For those who died out of hospital but within 30 days, the median time until death was 11 days.
Lower baseline hemoglobin, lower baseline Kansas City Cardiomyopathy Questionnaire (KCCQ) overall summary scores, home oxygen use, lower LVEF, presentation as NSTEMI, and lower body surface area were all independent predictors of 30-day out-of-hospital mortality.
A higher acuity presentation, in-hospital complications, and procedural factors, such as moderate or worse residual mitral MR, use of more than one device, and postprocedural gradient greater than 5 mm Hg, were also associated with a higher risk of early mortality after discharge, as was not being treated with an ACE inhibitor/ARB at discharge.
The analysis shows that patients who fail to survive to 30 days after discharge represent an elderly group with multiple comorbidities.
These data also show that prognosis after M-TEER is determined not solely by the mitral valve damage but more critically by potentially irreversible cardiac damage beyond the mitral valve itself.
With the low 30-day mortality rate, these data confirm that M-TEER is a safe procedure.
However, it’s also telling that some discharged patients “don’t make it past 30 days.”

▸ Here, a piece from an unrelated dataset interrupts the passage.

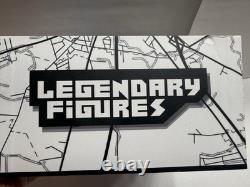 J Cole 2014 Forest Hills Drive Statue Action Figure Rare By Legendary Figures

Patients are discharged and asked to follow up with their doctor within 2 or 3 weeks, but the median time of death was less than 2 weeks, meaning half of the discharged population might not even be seen in a follow-up visit.
The study highlights the importance of appropriate patient selection for M-TEER, as patients who died out of the hospital had significantly lower baseline KCCQ scores by roughly 15 points than those who survived.

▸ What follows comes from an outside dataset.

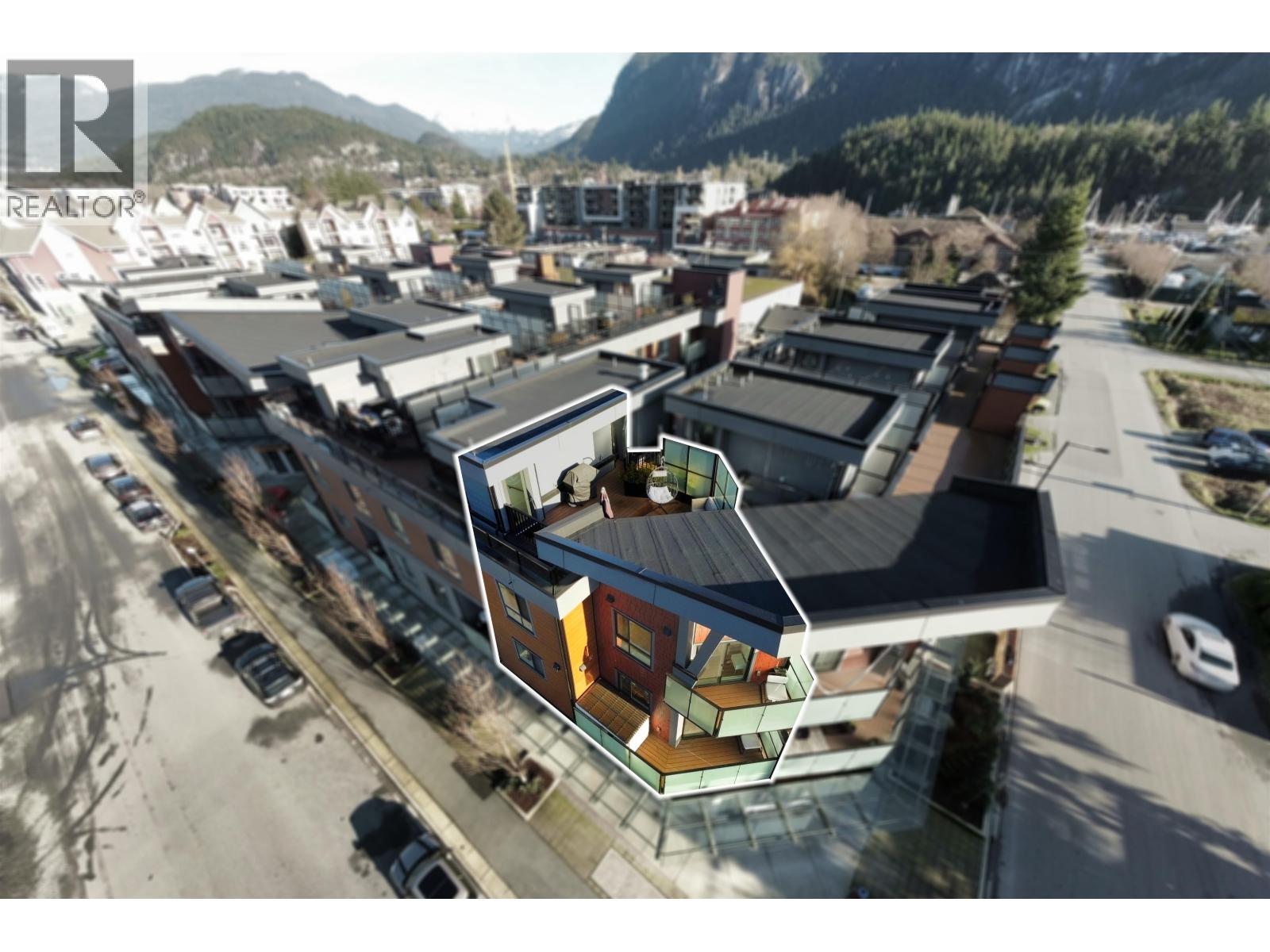 207 37808 Third Avenue, Squamish, British Columbia  V8B 1B9 - Photo 22 - R3081322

Complications, such as bleeding, can be unexpected, but GDMT and patient selection deserve more attention.
Many predictors of out-of-hospital mortality after discharge are the “usual suspects,” such as severity of illness or comorbidities, emphasizing the importance of choosing patients appropriately.

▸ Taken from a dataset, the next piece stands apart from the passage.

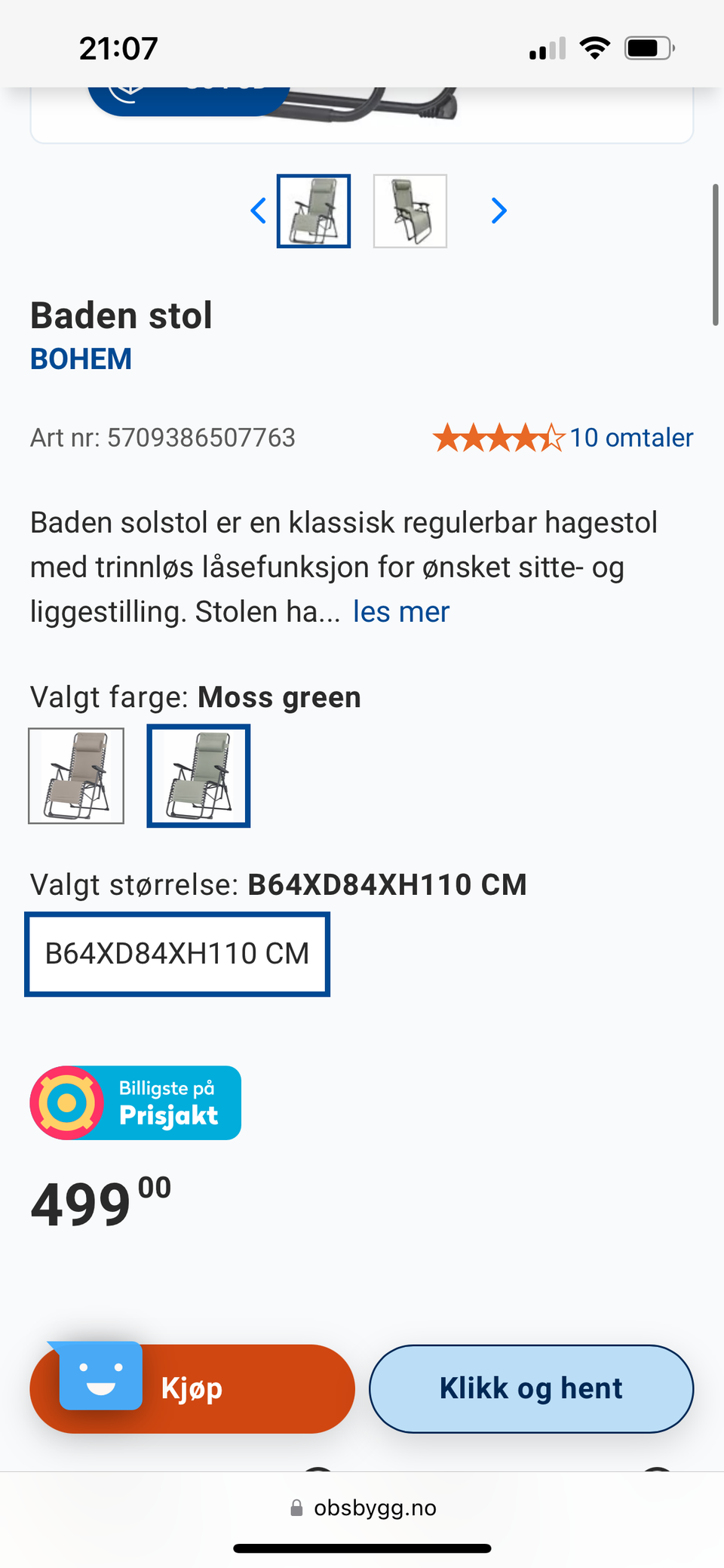 Galleribilde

Quite a few were modifiable risk factors that can be addressed to improve outcomes, such as avoiding procedural complications, ensuring moderate residual MR isn’t left behind, and prescribing neurohormonal blockade with an ACE inhibitor/ARB for all patients.
The days of “fire and forget” after M-TEER are gone, and clinicians need to optimize GDMT to ensure the best possible outcome.
Data suggest many patients can tolerate uptitration of heart failure therapies after M-TEER, likely the result of hemodynamic stabilization.
The findings underscore the need for rigorous implementation of GDMT protocols starting on day 1 after the procedure, leveraging heart failure clinics, patient education programs, and electronic health record alerts.
Take-Home Points:
- M-TEER is a safe procedure with a 3.0% 30-day mortality rate, but 1.2% of patients die out-of-hospital within that time, often from cardiovascular causes.
- Modifiable predictors like lack of GDMT, procedural complications, and residual mitral regurgitation contribute to early mortality and can be addressed to improve outcomes.
- Patients discharged after M-TEER need closer follow-up and optimization of cardiovascular risk, as many don’t survive past 2 weeks without it.
- Appropriate patient selection is critical, as sicker patients with lower KCCQ scores and significant comorbidities are at higher risk of death.
- Interventional cardiologists must prioritize GDMT protocols and ongoing care, moving away from a “fire and forget” approach to ensure long-term success.